Il Lago di Pilato è uno specchio d’acqua situato sul Monte Vettore, nel massiccio e nel Parco Nazionale dei Monti Sibillini; è conosciuto come “il lago con gli occhiali”, per la forma dei suoi invasi complementari e comunicanti.
Il lago di Pilato si trova nelle Marche, ma a meno di un chilometro dal confine umbro, racchiuso in una stretta valle glaciale, a nord della cima principale del massiccio; è l’unico lago naturale della nostra regione ed uno dei pochissimi laghi glaciali di tipo alpino presenti sull’Appennino. Si è formato a causa dello sbarramento creato dai resti di una morena creatasi in epoca glaciale, infatti l’ultimo modellamento della valle glaciale è del Pleistocene superiore (da 125.000 a 10.000 anni fa). Le dimensioni del lago e la portata d’acqua dipendono principalmente dalla distribuzione delle precipitazioni: il lago è infatti alimentato, oltre che dalle piogge, soprattutto dallo scioglimento delle nevi, che ricoprono per buona parte dell’anno la sua superficie fino all’inizio dell’estate. Il lago ospita un particolare e raro endemismo, il Chirocefalo del Marchesoni: è un piccolo crostaceo di colore rosso che misura 9-12 millimetri e nuota col ventre rivolto verso l’alto. La zona presenta anche un insetto molto piccolo detto ditiscide, coleottero acquatico nero di origine boreo-alpina. Nella tradizione popolare il lago è stato ed è considerato un luogo magico e misterioso; prende infatti il suo nome da una leggenda secondo la quale nelle sue acque sarebbe finito il corpo di Ponzio Pilato condannato a morte da Tiberio. Il corpo, chiuso in un sacco, venne affidato ad un carro di bufali lasciati liberi di peregrinare senza meta e sarebbe precipitato nel lago dall’affilata cresta della Cima del Redentore. Anche per questo il lago, a partire dal XIII secolo è stato considerato luogo di streghe e negromanti, tanto che le autoritá religiose del tempo ne proibirono l’accesso e misero una forca, all’inizio della valle, come monito.

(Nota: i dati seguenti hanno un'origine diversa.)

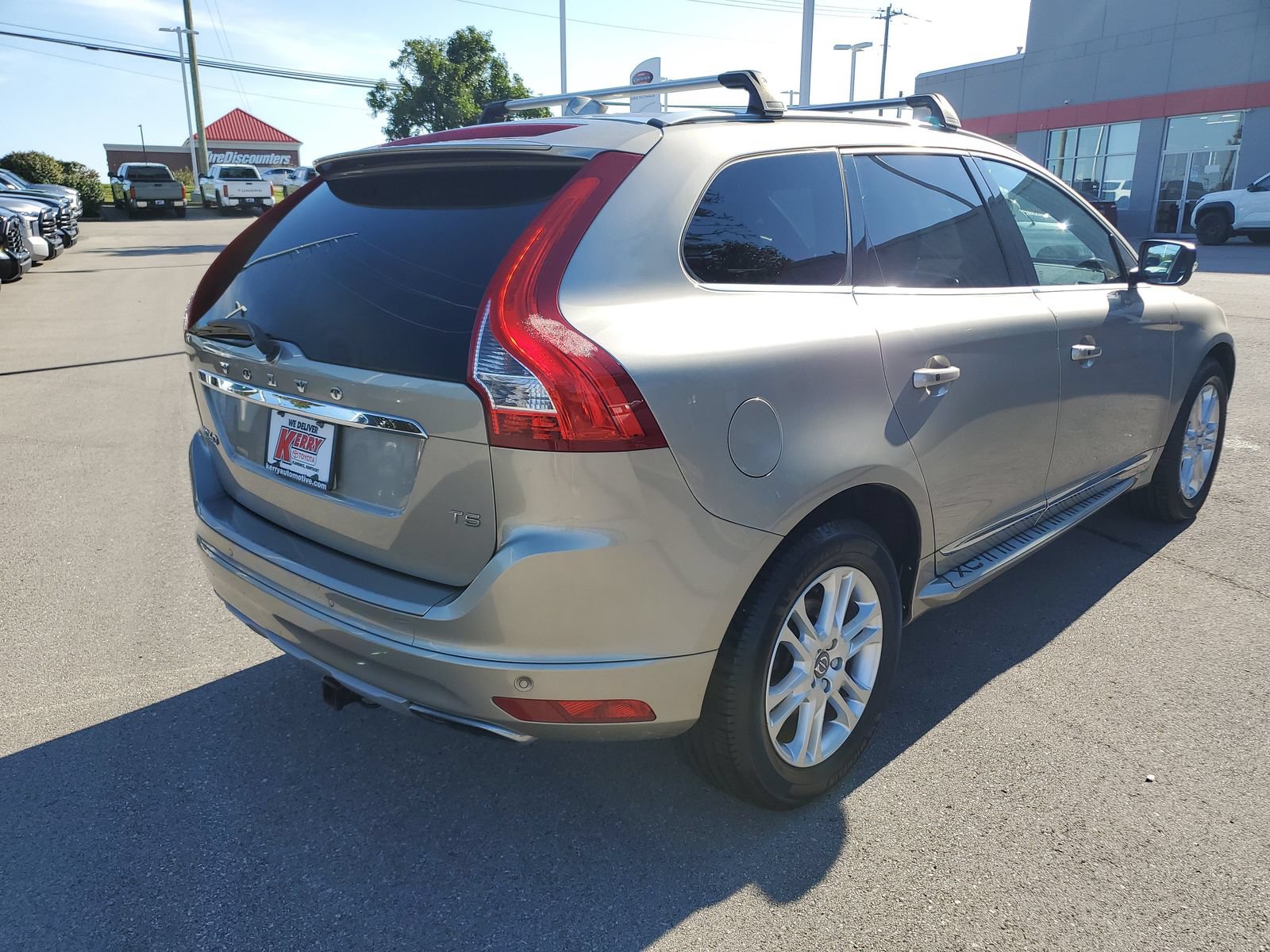 Used 2016 Volvo XC60 T5 Platinum FWD image 4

Altro nome usato nell’antichità era quello di Lago della Sibilla, come si evince da una sentenza di assoluzione emessa dal Giudice della Marca Anconitana De Guardaris nel 1452, a favore della comunità di Montemonaco, per aver accompagnato cavalieri stranieri a consacrare libri magici “ad Lacum Sibillae”. Nel Museo della Grotta della Sibilla, presso Montemonaco, è custodita una pietra scura, detta “La Gran Pietra”, che reca incise lettere misteriose e rinvenuta nei pressi del lago: secondo la leggenda questo sarebbe il lago Averno da cui si entra nel mondo degli Inferi. Oltre alle leggende circa il suo nome, diverse fonti letterarie narrano episodi inquietanti legati al Lago, come quelli relativi ad uccisioni, forse riflesso di sacrifici umani compiuti dai Piceni per scongiurare calamità. Antoine De La Sale in Le Paradis de la Reine Sibille del 1420 racconta come il Lago fosse strettamente sorvegliato dalla gente del luogo, perché i riti magici che vi si svolgevano scatenavano tempeste devastanti per i raccolti. E ancora Fra Bernardino Bonavoglia di Foligno, predicatore del XV sec., ci parla del sermone compiuto per consacrare un testo magico al diavolo: il negromante si dispone all’interno di tre cerchi concentrici tracciati sul terreno ed invoca il demone scelto dal libro, offrendogli la propria anima in cambio dei prodigi di cui lo spirito maligno è capace. Il cerchio è un simbolo magico ricorrente nelle leggende di questo lago: Niccolò Peranzoni in De laudibus Piceni (1510-1527) riporta la credenza popolare secondo la quale su di una roccia della costa del lago sono incisi due cerchi che riflettono l’aspetto che il lago assume in estate, indispensabili per impadronirsi di poteri magici: uno tracciato da Cecco d’Ascoli, l’altro dal poeta Virgilio.